Hildegard and her daughter moved to different cities. The two women were registered as a “Jewish household” in The Netherlands. However, as Frankfurt offered Hildegard “dubious protection” as a mixed-marriage partner she decided to return to the city. That was in the middle of November 1942. Shortly after her return the Graebners turned to reverend Welke who looked for a way that Hildegard could escape. Not every refugee could be expected to handle the strain of such a trip, combined with an illegal border crossing, and Welke later wrote: “In recognition of this permanent danger I searched for new escape possibilities to Switzerland, but in light of Mrs. Graebner’s ever worsening physical condition – in expectation of the superhuman hardships and nervous stress – this could not be considered.” The helpers and Mrs. Graebner decided that she should stay in Frankfurt and only in case of a wave of arrests should Hildegard Graebner escape to relatives in Baden-Württemberg. Hildegard hardly left her apartment. Nevertheless, in late autumn 1944 a policeman showed up at her doorstep and inquired about her. There were luckily no further inquiries or orders to appear for questioning.

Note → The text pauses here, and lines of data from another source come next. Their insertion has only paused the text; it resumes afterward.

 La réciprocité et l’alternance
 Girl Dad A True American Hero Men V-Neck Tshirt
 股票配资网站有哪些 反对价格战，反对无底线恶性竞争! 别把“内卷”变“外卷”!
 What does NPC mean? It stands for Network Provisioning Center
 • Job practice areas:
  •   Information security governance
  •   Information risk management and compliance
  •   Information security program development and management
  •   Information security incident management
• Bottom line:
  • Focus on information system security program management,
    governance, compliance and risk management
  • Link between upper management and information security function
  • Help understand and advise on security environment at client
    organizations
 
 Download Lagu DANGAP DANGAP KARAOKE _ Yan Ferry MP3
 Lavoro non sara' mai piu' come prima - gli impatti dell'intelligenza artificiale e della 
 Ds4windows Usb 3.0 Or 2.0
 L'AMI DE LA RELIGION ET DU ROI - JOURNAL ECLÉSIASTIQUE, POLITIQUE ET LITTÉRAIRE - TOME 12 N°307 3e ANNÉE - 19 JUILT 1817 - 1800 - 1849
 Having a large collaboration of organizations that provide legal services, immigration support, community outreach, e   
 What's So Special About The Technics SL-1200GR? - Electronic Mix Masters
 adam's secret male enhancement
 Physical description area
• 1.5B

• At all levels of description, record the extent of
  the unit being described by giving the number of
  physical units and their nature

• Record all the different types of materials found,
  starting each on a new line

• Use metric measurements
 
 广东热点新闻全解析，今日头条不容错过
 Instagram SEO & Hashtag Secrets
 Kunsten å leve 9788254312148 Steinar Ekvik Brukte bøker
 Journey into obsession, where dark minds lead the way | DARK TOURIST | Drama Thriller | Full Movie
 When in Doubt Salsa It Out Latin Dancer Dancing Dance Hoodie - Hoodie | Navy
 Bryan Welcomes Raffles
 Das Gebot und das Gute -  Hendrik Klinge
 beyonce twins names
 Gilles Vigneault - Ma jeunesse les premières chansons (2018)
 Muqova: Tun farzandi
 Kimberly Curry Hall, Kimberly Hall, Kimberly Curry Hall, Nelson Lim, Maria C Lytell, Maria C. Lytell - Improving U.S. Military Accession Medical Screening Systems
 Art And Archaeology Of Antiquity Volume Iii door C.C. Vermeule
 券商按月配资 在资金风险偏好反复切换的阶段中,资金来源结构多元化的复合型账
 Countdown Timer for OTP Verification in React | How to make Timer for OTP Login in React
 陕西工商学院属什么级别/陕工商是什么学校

Thanks to Ludwig Graebner’s unconditional loyalty to his wife, her own clever foresight, courage and perseverance, money and contacts, luck and coincidence, she survived the period of persecution and was able to experience the liberation.
Hildegard Graebner could consider herself saved, but the fear never left her. She was afraid of a new Nazi brown political party and fled a second time to Hulsberg, the Netherlands in 1967, this time together with her husband. Hildegard Graebner died there in 1975.
See: Petra Bonavita: Mit falschem Pass und Zyankali, Stuttgart 2009, pages 65-73.